Kangaroos bound into preliminary final

North Melbourne are heading back to an AFL preliminary final after knocking out Sydney, whose champion Adam Goodes retired after the Kangaroos produced a gritty 26-point semi-final win.

Returning to ANZ Stadium for the first time since last year’s preliminary final obliteration, the Kangaroos banished their demons with an 11.11 (77) to 7.9 (51) victory in a physical match.

West Coast await the Kangaroos, who became the first team to finish eighth and make the last four by overcoming a sluggish, below-par Swans outfit.

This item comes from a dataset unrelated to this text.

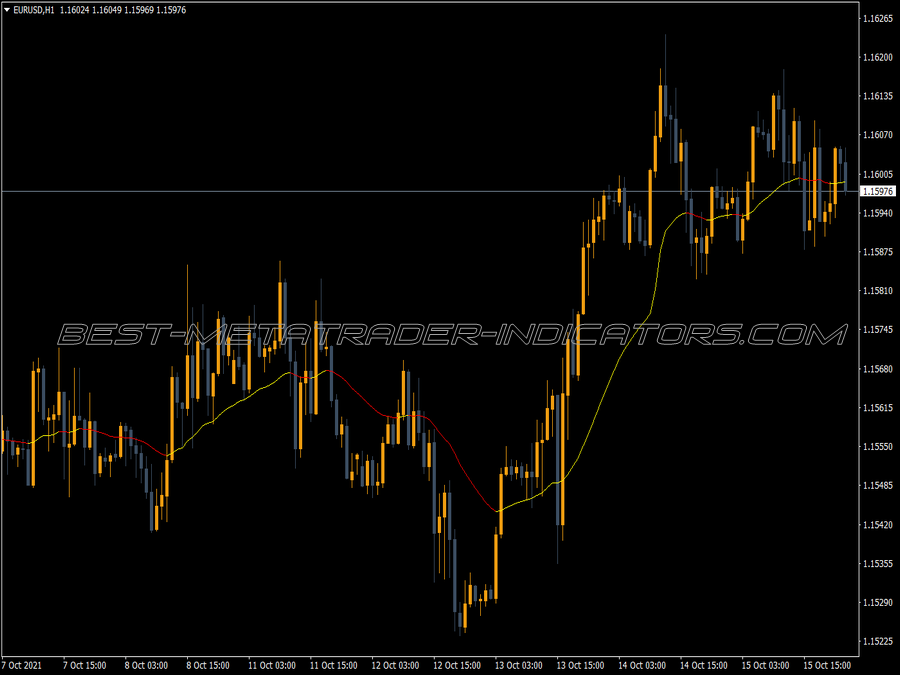 Step Ema Line MT4 Indicator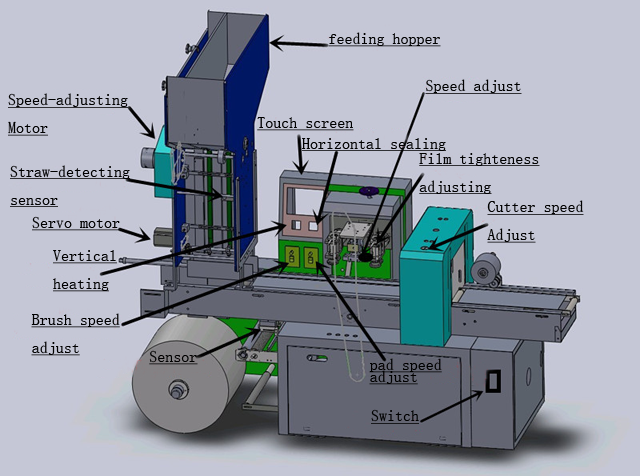 straw packing machinery.png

Decorated champion Adam Goodes was prominent in his last AFL match, kicking the opening and closing goals to great cheers from the Sydney faithful.

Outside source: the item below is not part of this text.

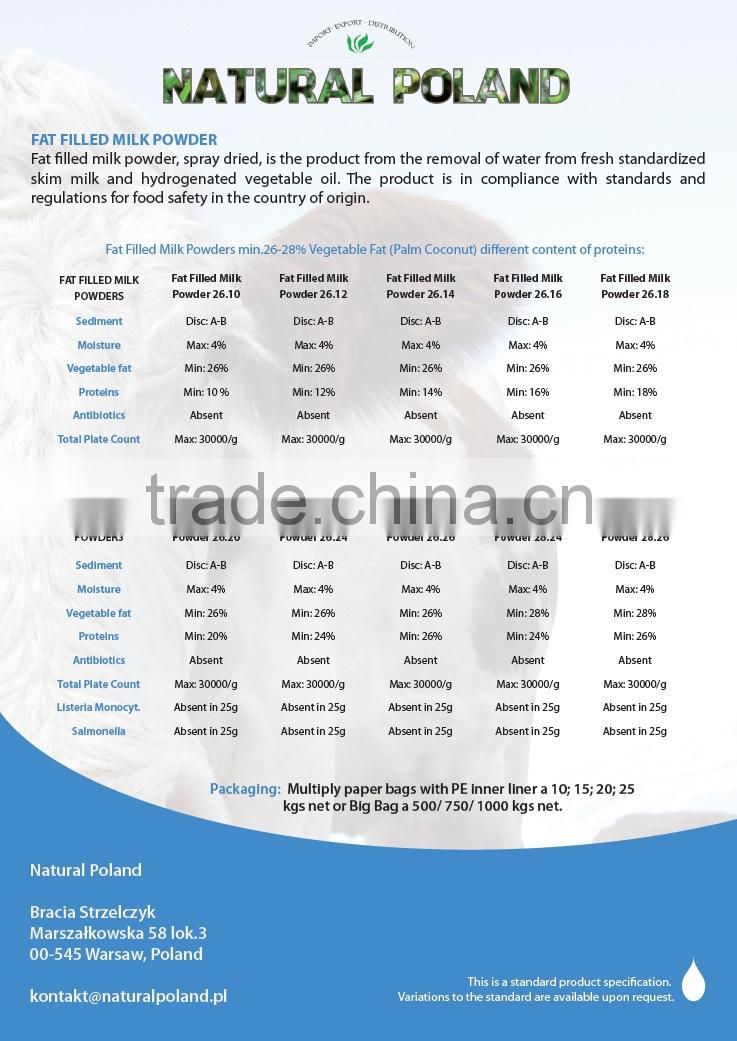 Fat Filled Milk Powder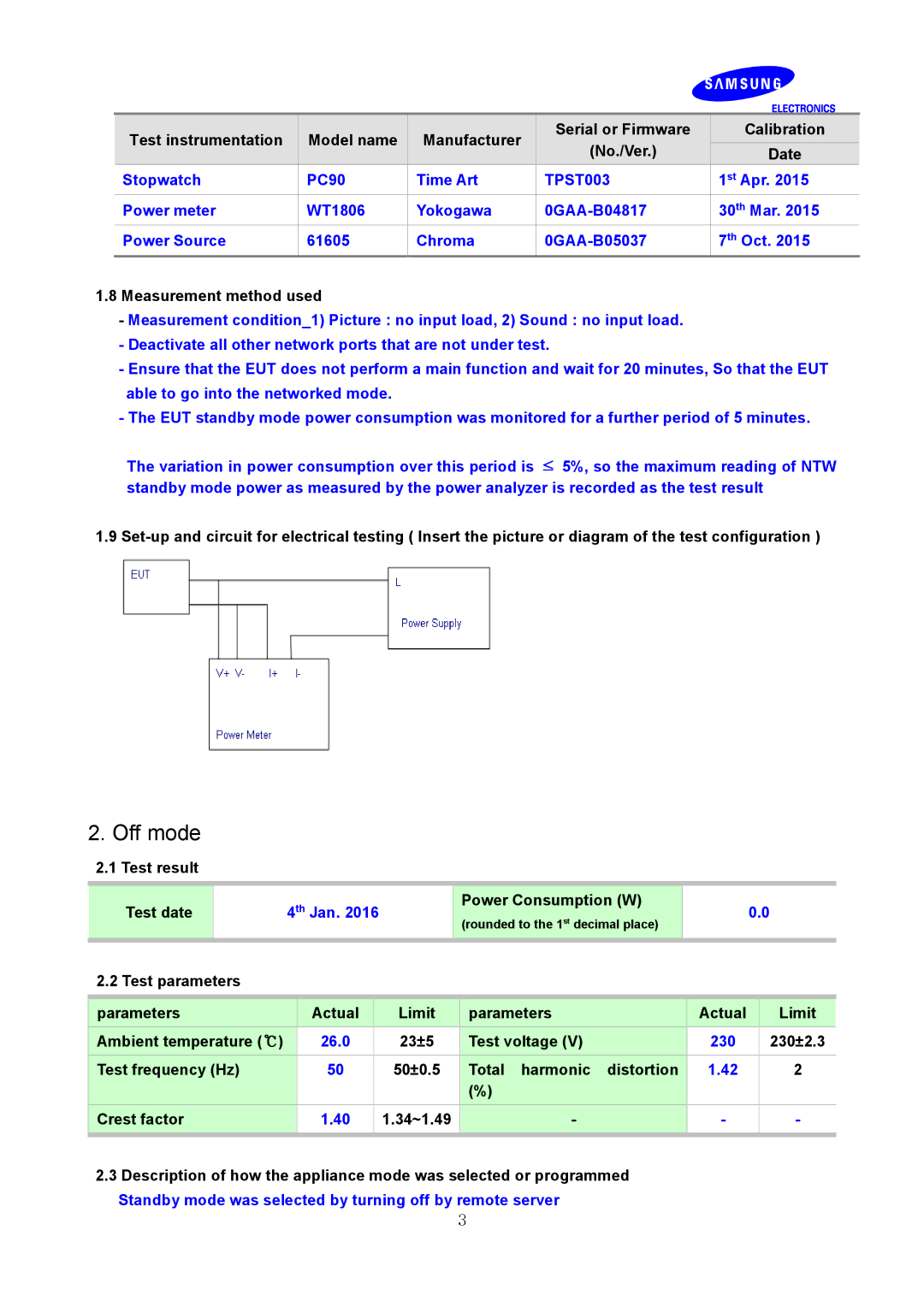 Samsung LF24TC2WAN/EN, LF24FT2WFPZXEN, LF24FT2WFPZXCI manual Off mode, St Apr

But the Brownlow Medallist missed other chances and appeared to lash out at Scott Thompson in a messy exchange, as the Swans missed the preliminary finals for the first time in four seasons.

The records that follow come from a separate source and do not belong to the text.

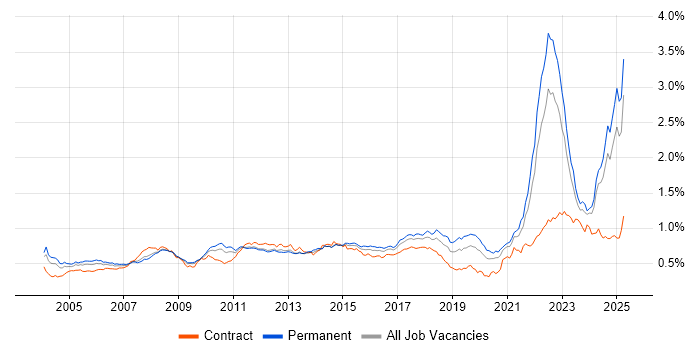 Job vacancy trend for Automotive in the UK excluding London Job vacancy trend for Automotive in the UK excluding London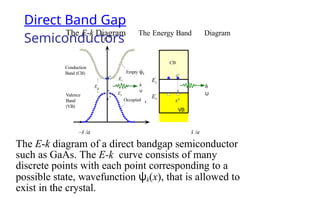 The E-k Diagram The Energy Band Diagram
Ek
Ec
Ev
Conduction
Band (CB)
Ec
Ev
CB
h+
e-
Eg
e-
h
υ
Empty ψk
h
υ
Direct Band Gap
Semiconductors
h+
VB
Occupied k
Valence
Band
(VB)
–š /a š /a
The E-k diagram of a direct bandgap semiconductor
such as GaAs. The E-k curve consists of many
discrete points with each point corresponding to a
possible state, wavefunction ψk(x), that is allowed to
exist in the crystal.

Brad Scott’s team were harder at the contest and powered by Jack Ziebell, Shaun Higgins and Ben Cunnington.

The coach said he was proud of his side’s achievement after finishing eighth but bounding into the last four.

“A great ex-coach of mine once said it’s not about the qualifying period, the 22 rounds, it’s the best team in September,” Scott said.

“We’ve been working really hard to produce our best at this time of year and we feel we’re pretty close to it.”

Goodes’ opening goal, kicked inside the opening sixty seconds brought the crowd of just 31,162 to life but Sydney soon slowed.

Swans coach John Longmire used Kurt Tippett – the last man standing from Sydney’s formidable attacking trio, including Lance Franklin and Sam Reid – in the middle of the ground to help negate Roos ruck Todd Goldstein.

But the Kangaroos were winning the midfield battle and eventually had the lead to show for it.

Three straight goals in the second term, including a fine running goal from Brent Harvey, gave them control.

Goodes had two glorious chances to reduce the deficit just before half-time but tallied just a point, leaving the Swans with their worst half-time score against North Melbourne for 25 years.

Led by Josh Kennedy, the Swans were on top in the third quarter but like the Kangaroos before them, they failed to turn their dominance into goals.

Instead, Jarrad Waite book-ended a string of Swans misses with goals to keep North on top.

While Tippett brought the Swans back to within seven points inside the opening minutes of the final term, that was as close as last year’s beaten grand finalists got to the front.

Longmire said it appeared his side – also missing captain Kieren Jack and midfielder Luke Parker – ran out of legs.

“We were trying to still will ourselves to get there,” he said.